[Web page caption snippets]
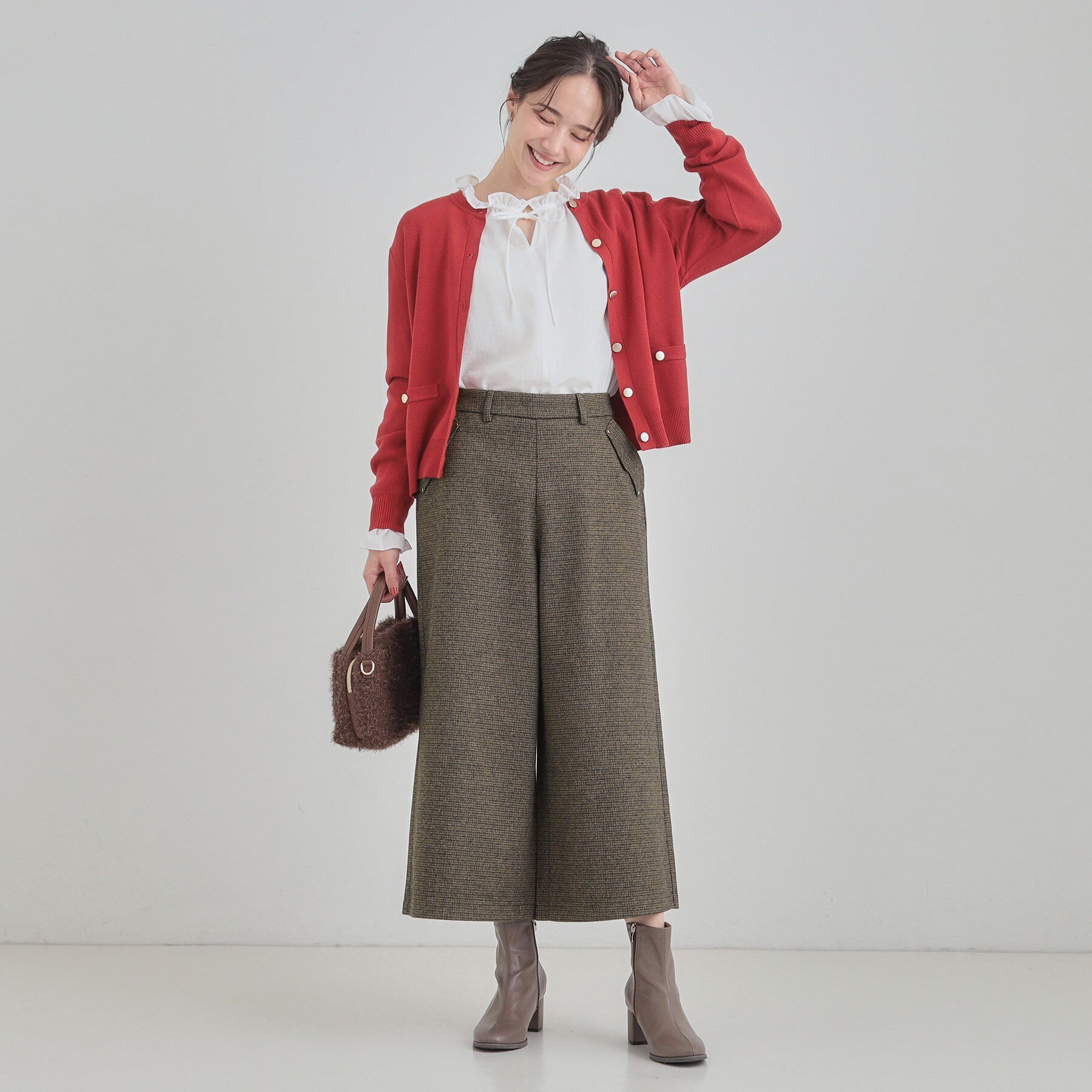 SHOO･LA･RUE「【あったか/S-LL】裏起毛ガウチョパンツ」|その他|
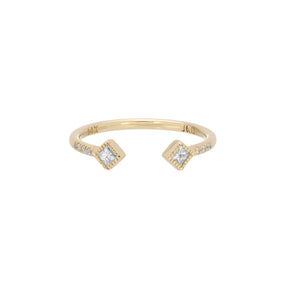 Princess Diamond Equilibrium Cuff Ring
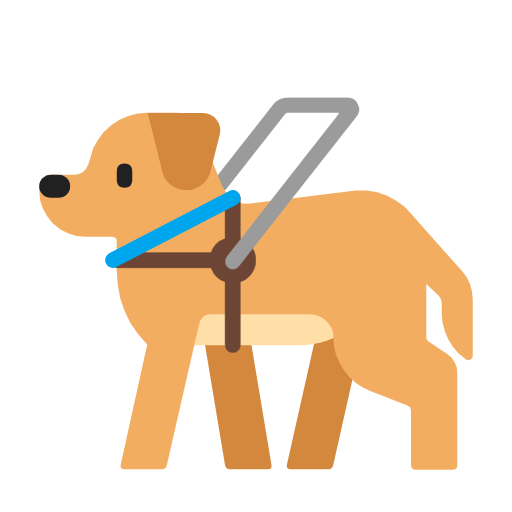 🦮 Emoji Blindenhund Microsoft Windows 11 23H2.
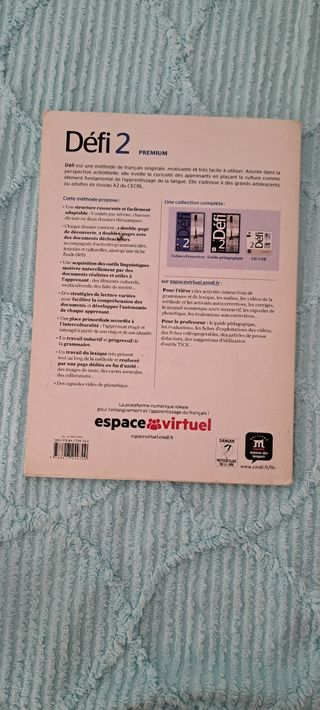 libro de francés Defi 2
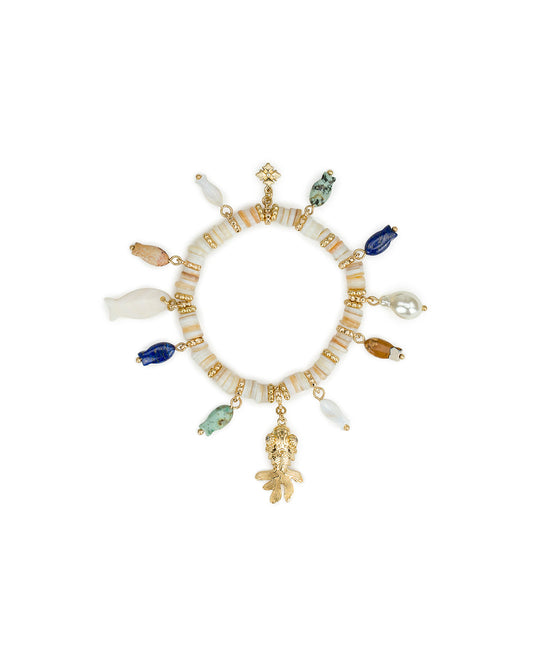 Patricia Nash Charm Stretch Bracelet - Nautical Collection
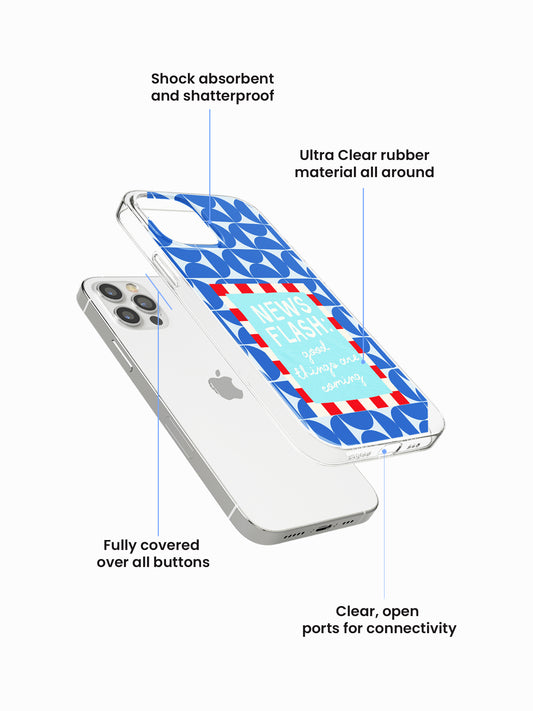 News Flash Funkpop Silicone Case Cover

**What you need to do:**
Copy all of the records verbatim, omitting the pictures.

**Written solution:**
 SHOO･LA･RUE「【あったか/S-LL】裏起毛ガウチョパンツ」|その他|
 Princess Diamond Equilibrium Cuff Ring
 🦮 Emoji Blindenhund Microsoft Windows 11 23H2.
 libro de francés Defi 2
 Patricia Nash Charm Stretch Bracelet - Nautical Collection
 News Flash Funkpop Silicone Case Cover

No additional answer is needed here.